Show all filings for RENAISSANCERE HOLDINGS LTD

Form 8-K for RENAISSANCERE HOLDINGS LTD


4-Oct-2013

Entry into a Material Definitive Agreement, Creation of a Direct Finan


Item 1.01. Entry into a Material Definitive Agreement.

Effective October 1, 2013, (i) Renaissance Reinsurance of Europe ("ROE") and RenaissanceRe Specialty U.S. Ltd. ("RRS") became parties to the existing secured letter of credit facility (the "Facility") provided pursuant to the facility letter, dated September 17, 2010 and amended July 14, 2011 (the "Original Facility Letter"), among Citibank Europe plc ("CEP"), Renaissance Reinsurance Ltd. ("RRL"), DaVinci Reinsurance Ltd. ("DaVinci") and RenaissanceRe Specialty Risks Ltd. (formerly Glencoe Insurance Ltd.) ("RSR") (each of RSR, ROE, RRS, RRL, and DaVinci, a "Company" and, collectively, the "Companies") and (ii) CEP and the Companies entered into an amendment (the "Amendment") to the Original Facility Letter to extend the termination date of the Facility from December 31, 2013 to December 31, 2014 (as so amended, the "Facility Letter").

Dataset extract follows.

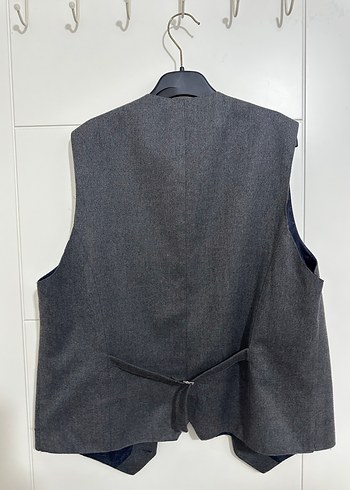 Erkek Gri Düğmeli Kolsuz Yelek - Görsel 3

The Facility provides a commitment from CEP to issue letters of credit for the account of one or more of the Companies and their respective subsidiaries in multiple currencies and in an aggregate amount of up to $300 million, subject to a sublimit of $50 million for letters of credit issued for the account of RRS. The Facility is evidenced by the Facility Letter and five separate Master Agreements between CEP and each of the Companies, as well as certain ancillary agreements, the terms of which are substantially similar for each Company.

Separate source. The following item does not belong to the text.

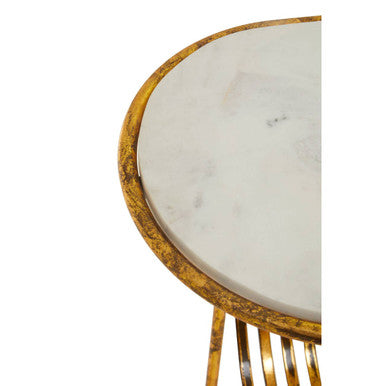 White Marble Top Side Table with Curved Magazine Rack and Gold Metallic Frame | Rabia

Under the Facility, each of the Companies is severally obligated to pledge to CEP at all times during the term of the Facility certain securities with a collateral value (as determined as therein provided) that equals or exceeds 100% of the aggregate amount of its then-outstanding letters of credit. In the case of an event of default under the Facility with respect to a Company, CEP may exercise certain remedies with respect to such Company, including terminating its commitment to such Company under the Facility and taking certain actions with respect to the collateral pledged by such Company (including the sale thereof). In the Facility Letter, each Company makes, as to itself, representations and warranties that are customary for facilities of this type and severally agrees that it will comply with certain informational and other undertakings, including those regarding the delivery of quarterly and annual financial statements.

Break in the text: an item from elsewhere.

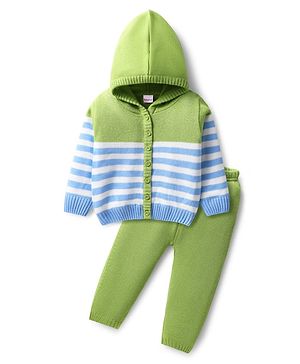 Babyhug Knitted Full Sleeves Striped Hooded Sweater Set - Light Green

The description of the Facility contained herein is qualified in its entirety by reference to the Original Facility Letter and the Master Agreement, copies of which were attached as Exhibits 10.1 and 10.2, respectively, to the Current Report on Form 8-K, dated September 23, 2010, previously filed with Securities and Exchange Commission by RenaissanceRe Holdings Ltd. and to the Amendment, a copy of which is attached hereto as Exhibit 10.1, all of which agreements are incorporated herein by reference.

CEP and RRL are also parties to the Insurance Letters of Credit - Master Agreement, dated as of April 29, 2009, and certain ancillary agreements, which collectively provide and secure an uncommitted letter of credit facility that is used to support business written by RenaissanceRe Holdings Ltd.'s Lloyd's syndicate, Syndicate 1458.



Item 2.03. Creation of a Direct Financial Obligation or an Obligation under an Off-Balance Sheet Arrangement of the Registrant.

The disclosure set forth in Item 1.01 above is hereby incorporated by reference.



Item 9.01. Financial Statements and Exhibits.

(c) Exhibits.

The following exhibit is filed as part of this report:

Exhibit #                   Description

10.1      Amendment to Facility Letter, dated October 1,
          2013, by and among Citibank Europe plc,
          Renaissance Reinsurance Ltd., DaVinci
          Reinsurance Ltd., RenaissanceRe Specialty Risks
          Ltd., Renaissance Reinsurance of Europe and
          RenaissanceRe Specialty U.S. Ltd.